Then we start seeing portions of after-the-fact hostage interviews, shot with a grainier, half-sepia color scheme. This deflates the suspense a bit because it tells us early on the robbers were never identified, probably…although we’re not entirely sure. It’s still interesting, though. Everything in this film is. Nothing boring or numbing or flaccid.
I’m not going to spill any more. The only thing I feel compelled to mention are the strange sartorial choices made by Denzel’s detective. He dresses like it’s 1964 and Malcolm X is still alive and he’s the owner of an illegal Newark, New Jersey, bookmaking operation. Or a jazz club owner in Tennessee in 1958. Very strange. The idea seems to have been to make Denzel’s detective look like some kind of anachronism.
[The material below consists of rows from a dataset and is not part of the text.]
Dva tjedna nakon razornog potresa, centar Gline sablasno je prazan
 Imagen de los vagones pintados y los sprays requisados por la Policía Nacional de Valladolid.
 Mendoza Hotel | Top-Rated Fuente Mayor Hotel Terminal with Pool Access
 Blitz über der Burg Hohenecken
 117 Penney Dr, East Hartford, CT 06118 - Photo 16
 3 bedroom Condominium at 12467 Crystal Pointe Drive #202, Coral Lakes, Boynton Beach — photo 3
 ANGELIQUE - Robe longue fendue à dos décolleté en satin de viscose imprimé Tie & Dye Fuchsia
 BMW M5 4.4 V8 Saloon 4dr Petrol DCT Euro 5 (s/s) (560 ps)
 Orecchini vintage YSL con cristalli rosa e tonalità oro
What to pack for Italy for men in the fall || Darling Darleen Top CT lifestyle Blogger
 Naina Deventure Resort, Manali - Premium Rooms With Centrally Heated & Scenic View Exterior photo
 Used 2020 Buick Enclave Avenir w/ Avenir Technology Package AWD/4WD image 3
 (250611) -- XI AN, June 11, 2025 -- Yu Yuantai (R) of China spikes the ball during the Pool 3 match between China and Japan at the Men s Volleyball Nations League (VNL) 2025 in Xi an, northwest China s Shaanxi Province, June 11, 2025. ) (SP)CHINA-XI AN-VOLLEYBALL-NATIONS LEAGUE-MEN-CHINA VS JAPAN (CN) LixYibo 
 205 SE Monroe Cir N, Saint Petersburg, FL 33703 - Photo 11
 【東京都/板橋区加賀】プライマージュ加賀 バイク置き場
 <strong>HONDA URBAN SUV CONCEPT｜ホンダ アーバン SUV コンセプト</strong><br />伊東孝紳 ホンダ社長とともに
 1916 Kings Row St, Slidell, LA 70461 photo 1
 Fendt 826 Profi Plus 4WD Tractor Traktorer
Washington is unexceptional but fine. Owen is icy, commanding and a very cool bad guy..even though he wears a mask for a good portion of the film. Ejiofor is sturdy, Dafoe is fine, Foster is cool and so is Plummer. Nobody is rewriting the book on great acting here, but they’re all pros and it all goes down like low-fat chocolate yogurt.
For a film that last 128 minutes, Inside Man whips right by. It seems to be over and done within 95 or 100 minutes, tops.
This is a first-rate shallow entertainment, and I can’t wait to see it again. It’s not a movie for munching popcorn through, or making lobby cell-phone calls or taking bathroom breaks while it’s playing. It’s a great film for saying “please be quiet” to the people sitting behind you because they’re won’t shut the fuck up and you really need to hear every line. It’s one of those “please, Michael Moses…can I come to the premiere party?” movies.
Enemies Watch
Last Friday night I read James Vanderbilt’s gripping, pared-to-the-bone screenplay of Against All Enemies, an adaptation of former terrorism czar Richard Clarke’s bombshell novel about the failures of the Clinton and Bush administrations to stop the terrorist plotters who eventually brought about the 9.11 attacks.
The script, yet another example of a fascinating run of political films being made by mainstream Hollywood these days, is the basis of an upcoming Columbia feature that Crash director Paul Haggis “[hopes] to shoot…this year,” according to what he told N.Y. Times reporter Sharon Waxman in a piece that ran last Tuesday.
My first casting question, apart from the matter of whether or not Tom Hanks will agree to play Clarke, is who the hell is Haggis going to get to play President Bill Clinton? Damned if he isn’t right in the script, Arkansas accent, inquisitive mind and all. And in three good scenes.
Former National Security Advisor (and current Secretary of State) Condoleeza Rice is also a character with dialogue, and not a very sympathetic one. (No way around this — the facts are the facts.)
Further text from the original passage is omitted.